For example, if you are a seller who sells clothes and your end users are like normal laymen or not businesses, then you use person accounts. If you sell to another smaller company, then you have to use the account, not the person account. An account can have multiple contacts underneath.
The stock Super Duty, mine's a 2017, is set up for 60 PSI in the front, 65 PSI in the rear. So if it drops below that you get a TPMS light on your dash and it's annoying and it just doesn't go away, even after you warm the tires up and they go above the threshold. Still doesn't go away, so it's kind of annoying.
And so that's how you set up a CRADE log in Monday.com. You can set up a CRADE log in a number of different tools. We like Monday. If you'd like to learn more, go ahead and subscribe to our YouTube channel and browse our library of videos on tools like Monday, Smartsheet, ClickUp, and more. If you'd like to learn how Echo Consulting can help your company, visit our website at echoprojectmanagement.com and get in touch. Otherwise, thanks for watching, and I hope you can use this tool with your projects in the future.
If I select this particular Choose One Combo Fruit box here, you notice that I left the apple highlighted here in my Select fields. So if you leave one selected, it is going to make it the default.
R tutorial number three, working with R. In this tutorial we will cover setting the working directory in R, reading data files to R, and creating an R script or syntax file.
+++++
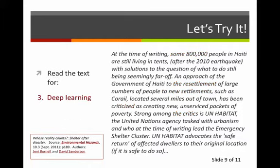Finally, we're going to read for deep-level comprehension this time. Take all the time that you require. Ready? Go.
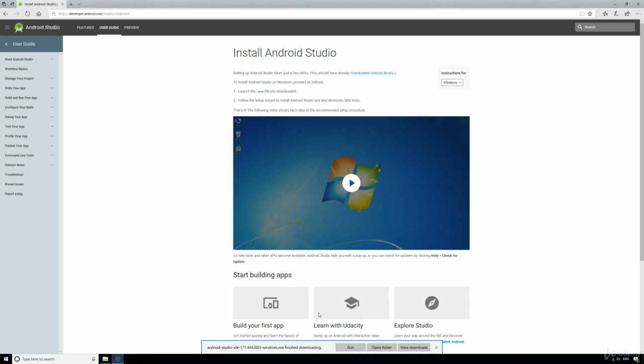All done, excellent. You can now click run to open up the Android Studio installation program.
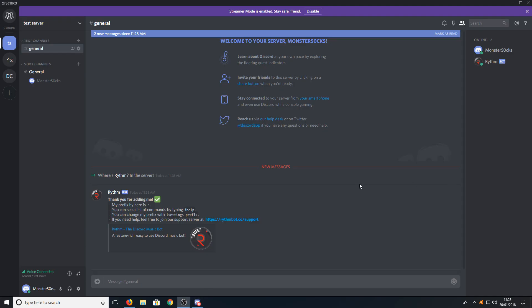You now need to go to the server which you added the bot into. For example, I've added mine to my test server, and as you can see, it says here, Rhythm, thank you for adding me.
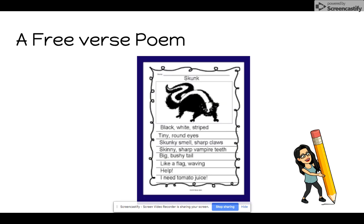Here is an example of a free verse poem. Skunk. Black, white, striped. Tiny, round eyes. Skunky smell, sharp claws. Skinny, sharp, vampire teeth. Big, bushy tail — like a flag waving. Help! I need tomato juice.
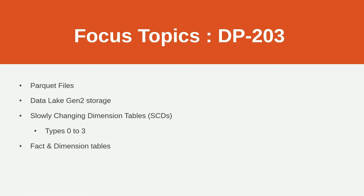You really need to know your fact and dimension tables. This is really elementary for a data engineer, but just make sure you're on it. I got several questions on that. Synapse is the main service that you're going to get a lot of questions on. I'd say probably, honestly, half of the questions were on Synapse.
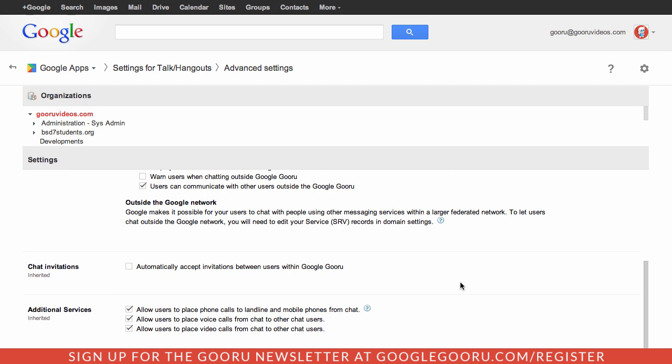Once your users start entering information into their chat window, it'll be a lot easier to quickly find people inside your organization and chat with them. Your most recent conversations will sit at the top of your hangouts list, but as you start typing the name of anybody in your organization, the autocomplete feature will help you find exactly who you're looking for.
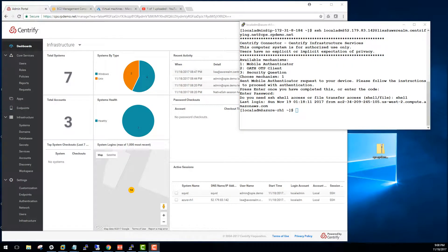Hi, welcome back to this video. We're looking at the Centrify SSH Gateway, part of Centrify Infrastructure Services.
+++++
Look above for the line containing "For example, if". Output from there through the line containing "R tutorial number", exactly and inclusively.

For example, if you are a seller who sells clothes and your end users are like normal laymen or not businesses, then you use person accounts. If you sell to another smaller company, then you have to use the account, not the person account. An account can have multiple contacts underneath.
The stock Super Duty, mine's a 2017, is set up for 60 PSI in the front, 65 PSI in the rear. So if it drops below that you get a TPMS light on your dash and it's annoying and it just doesn't go away, even after you warm the tires up and they go above the threshold. Still doesn't go away, so it's kind of annoying.
And so that's how you set up a CRADE log in Monday.com. You can set up a CRADE log in a number of different tools. We like Monday. If you'd like to learn more, go ahead and subscribe to our YouTube channel and browse our library of videos on tools like Monday, Smartsheet, ClickUp, and more. If you'd like to learn how Echo Consulting can help your company, visit our website at echoprojectmanagement.com and get in touch. Otherwise, thanks for watching, and I hope you can use this tool with your projects in the future.
If I select this particular Choose One Combo Fruit box here, you notice that I left the apple highlighted here in my Select fields. So if you leave one selected, it is going to make it the default.
R tutorial number three, working with R. In this tutorial we will cover setting the working directory in R, reading data files to R, and creating an R script or syntax file.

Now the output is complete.